* _RECORDS PROVIDED_:
[Start of section]
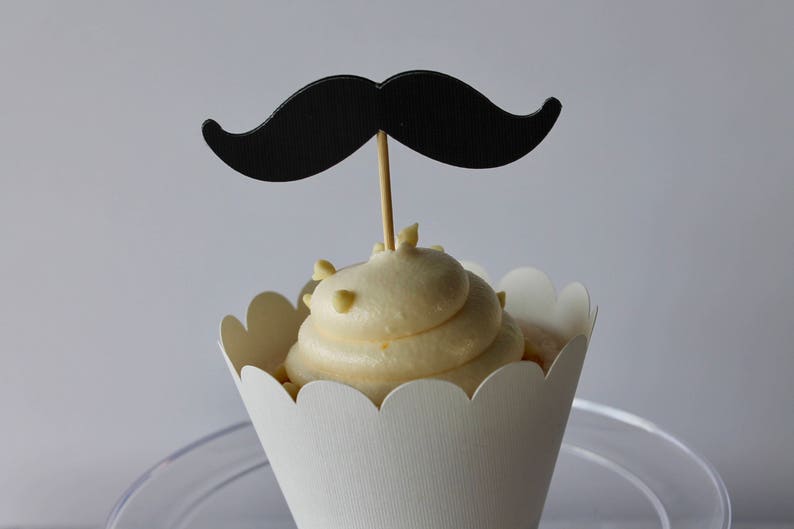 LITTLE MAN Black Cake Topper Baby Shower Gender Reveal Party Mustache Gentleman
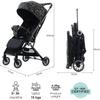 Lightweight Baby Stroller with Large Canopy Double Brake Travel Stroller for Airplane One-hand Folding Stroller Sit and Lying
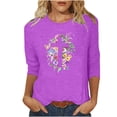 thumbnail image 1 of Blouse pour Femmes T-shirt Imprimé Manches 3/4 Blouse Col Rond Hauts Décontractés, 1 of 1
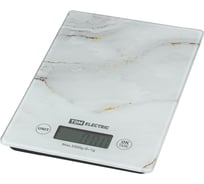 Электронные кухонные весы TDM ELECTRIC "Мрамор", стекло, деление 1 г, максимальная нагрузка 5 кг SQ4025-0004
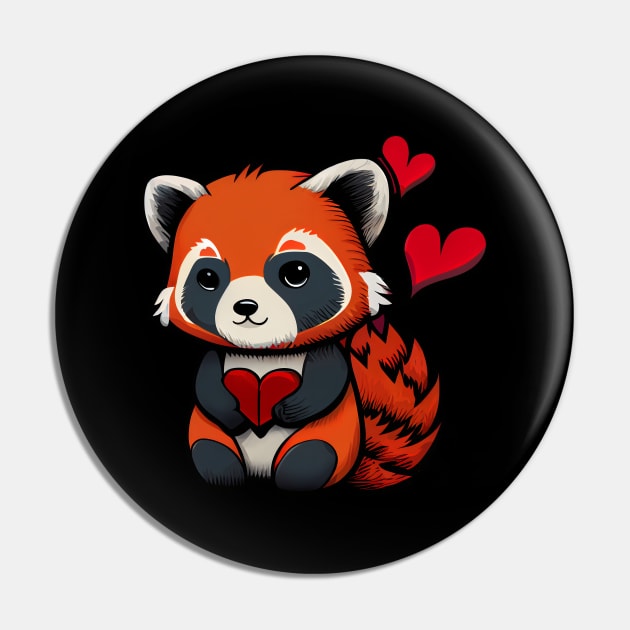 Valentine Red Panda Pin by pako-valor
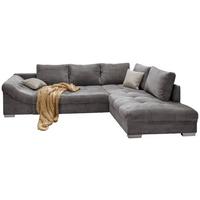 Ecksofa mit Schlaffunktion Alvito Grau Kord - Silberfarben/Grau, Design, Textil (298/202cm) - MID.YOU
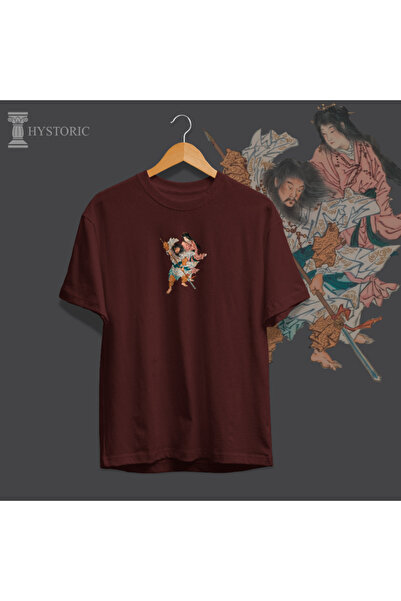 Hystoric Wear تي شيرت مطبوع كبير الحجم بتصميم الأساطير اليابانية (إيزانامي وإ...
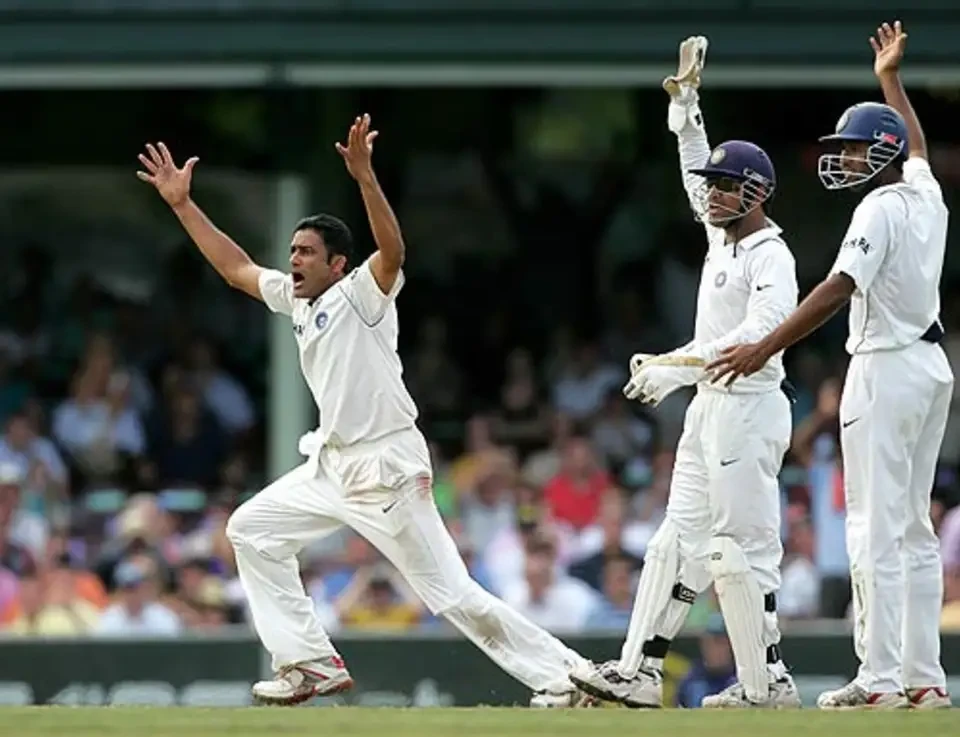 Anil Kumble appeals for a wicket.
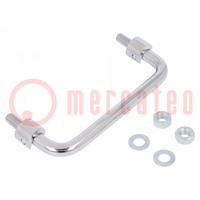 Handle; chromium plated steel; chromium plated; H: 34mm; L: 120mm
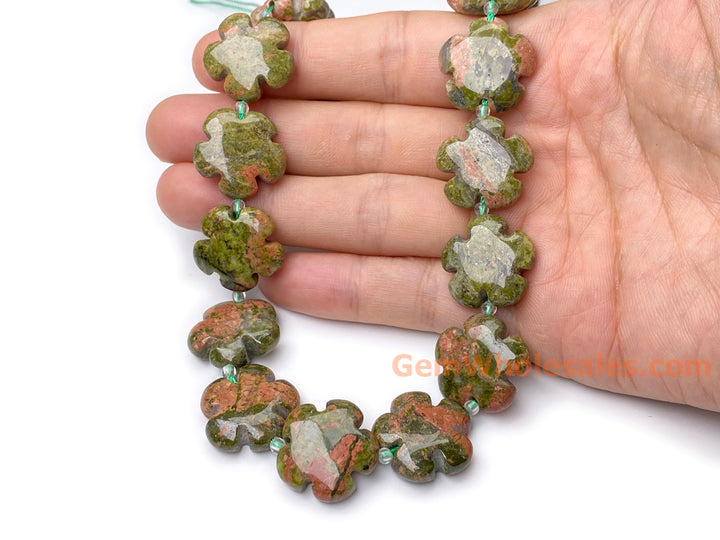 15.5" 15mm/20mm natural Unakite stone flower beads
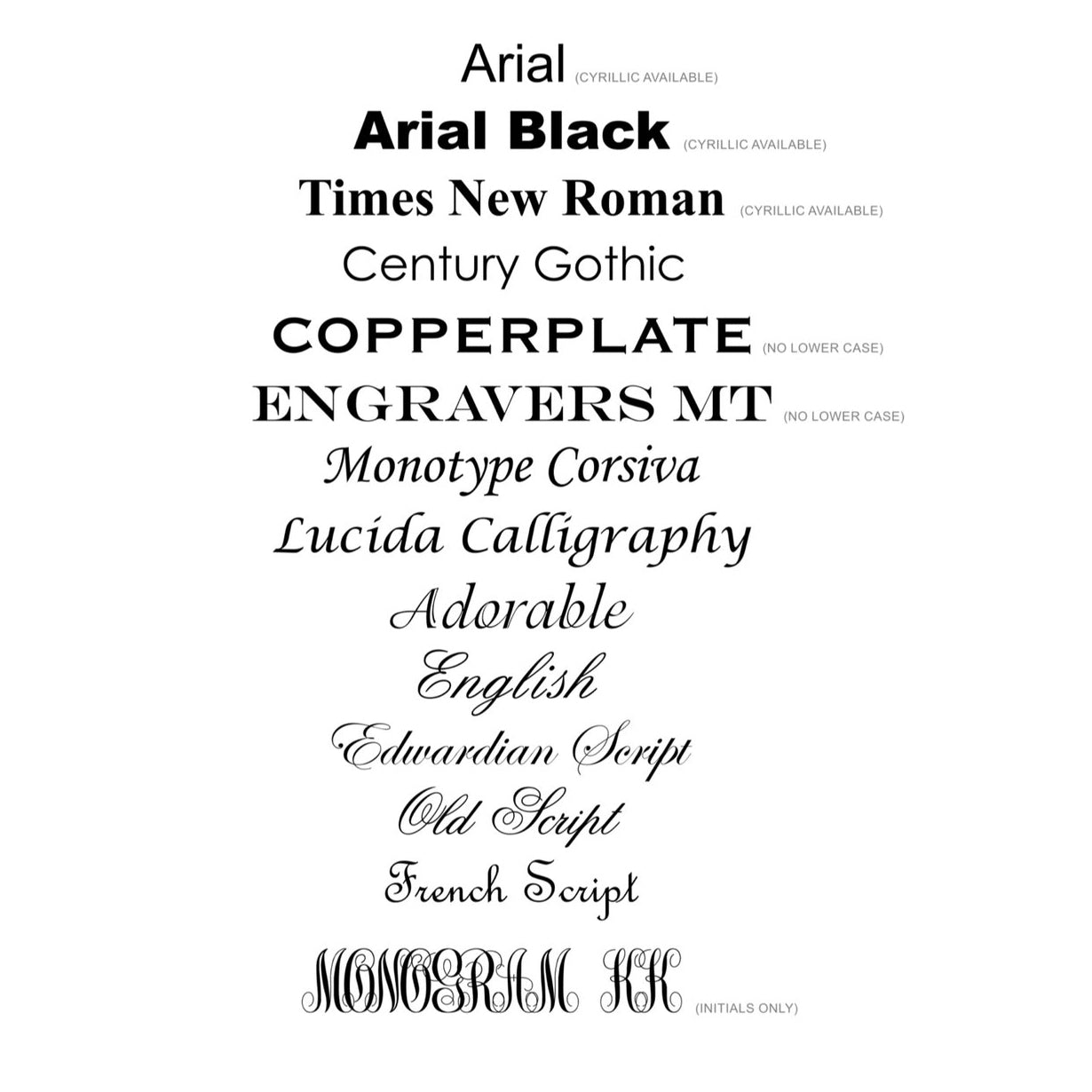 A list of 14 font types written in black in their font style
[End of section]
[Start of section]
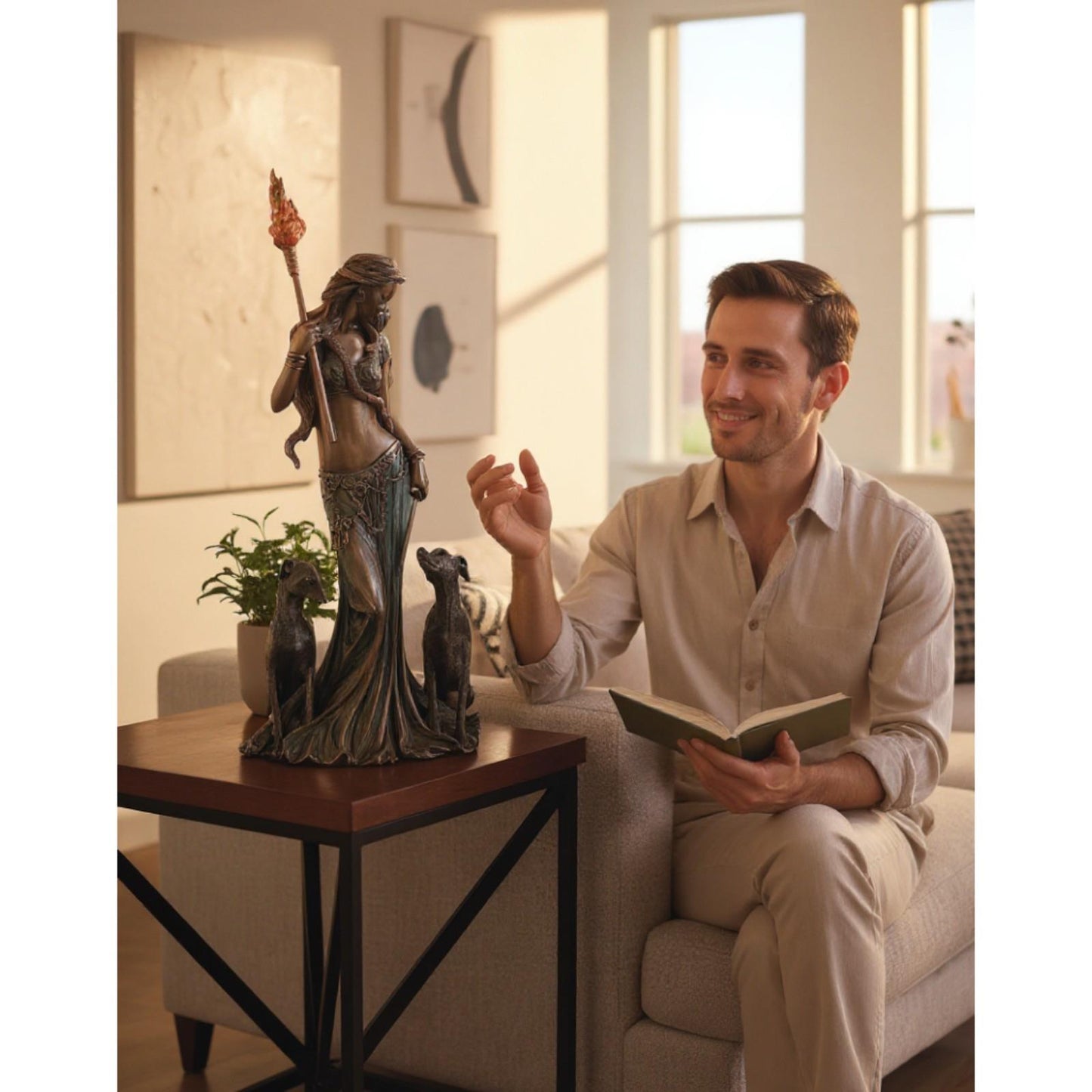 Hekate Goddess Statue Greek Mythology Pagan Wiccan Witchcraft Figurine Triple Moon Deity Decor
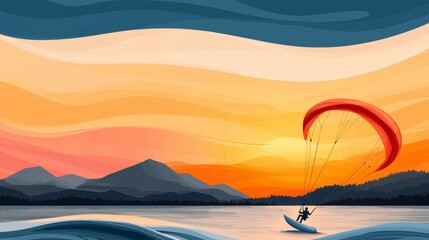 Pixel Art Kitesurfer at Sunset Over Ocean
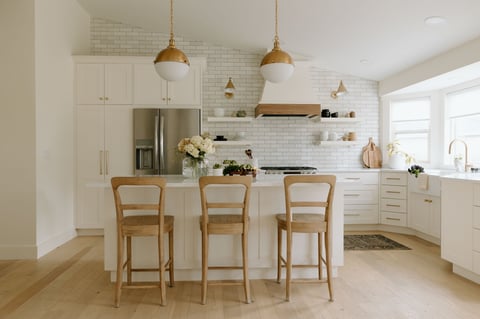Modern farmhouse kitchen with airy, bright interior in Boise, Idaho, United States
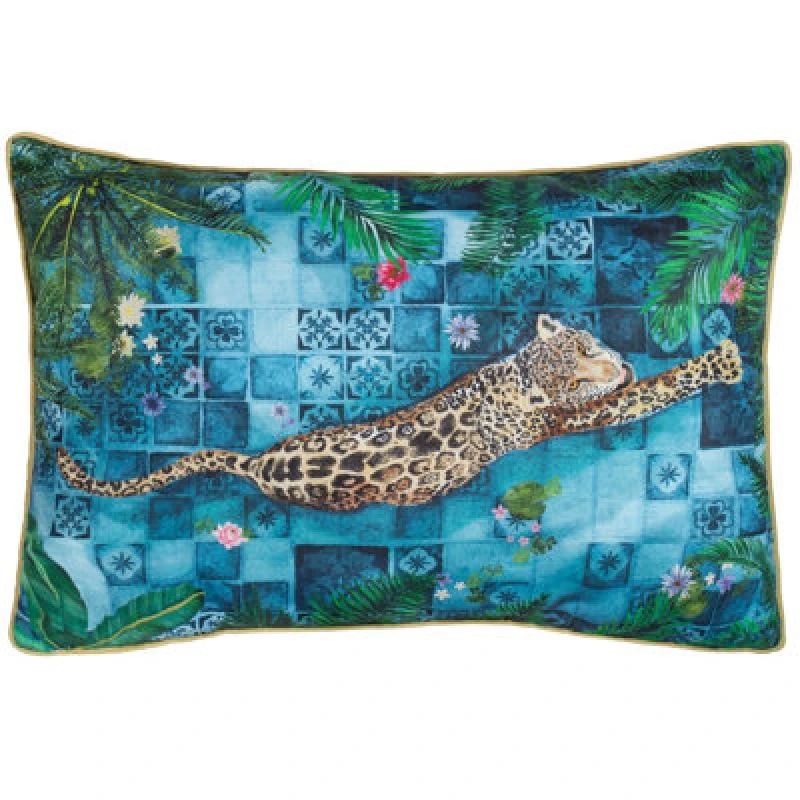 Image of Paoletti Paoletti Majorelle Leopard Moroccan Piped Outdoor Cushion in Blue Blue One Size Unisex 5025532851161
[End of section]
Would you copy the lines above exactly, starting with the one that has "thumbnail image 1" and ending with the one that has "A list of 14", both included, without the pictures?

 thumbnail image 1 of Blouse pour Femmes T-shirt Imprimé Manches 3/4 Blouse Col Rond Hauts Décontractés, 1 of 1
 Электронные кухонные весы TDM ELECTRIC "Мрамор", стекло, деление 1 г, максимальная нагрузка 5 кг SQ4025-0004
 Valentine Red Panda Pin by pako-valor
 Ecksofa mit Schlaffunktion Alvito Grau Kord - Silberfarben/Grau, Design, Textil (298/202cm) - MID.YOU
 Hystoric Wear تي شيرت مطبوع كبير الحجم بتصميم الأساطير اليابانية (إيزانامي وإ...
 Anil Kumble appeals for a wicket.
 Handle; chromium plated steel; chromium plated; H: 34mm; L: 120mm
 15.5" 15mm/20mm natural Unakite stone flower beads
 A list of 14 font types written in black in their font style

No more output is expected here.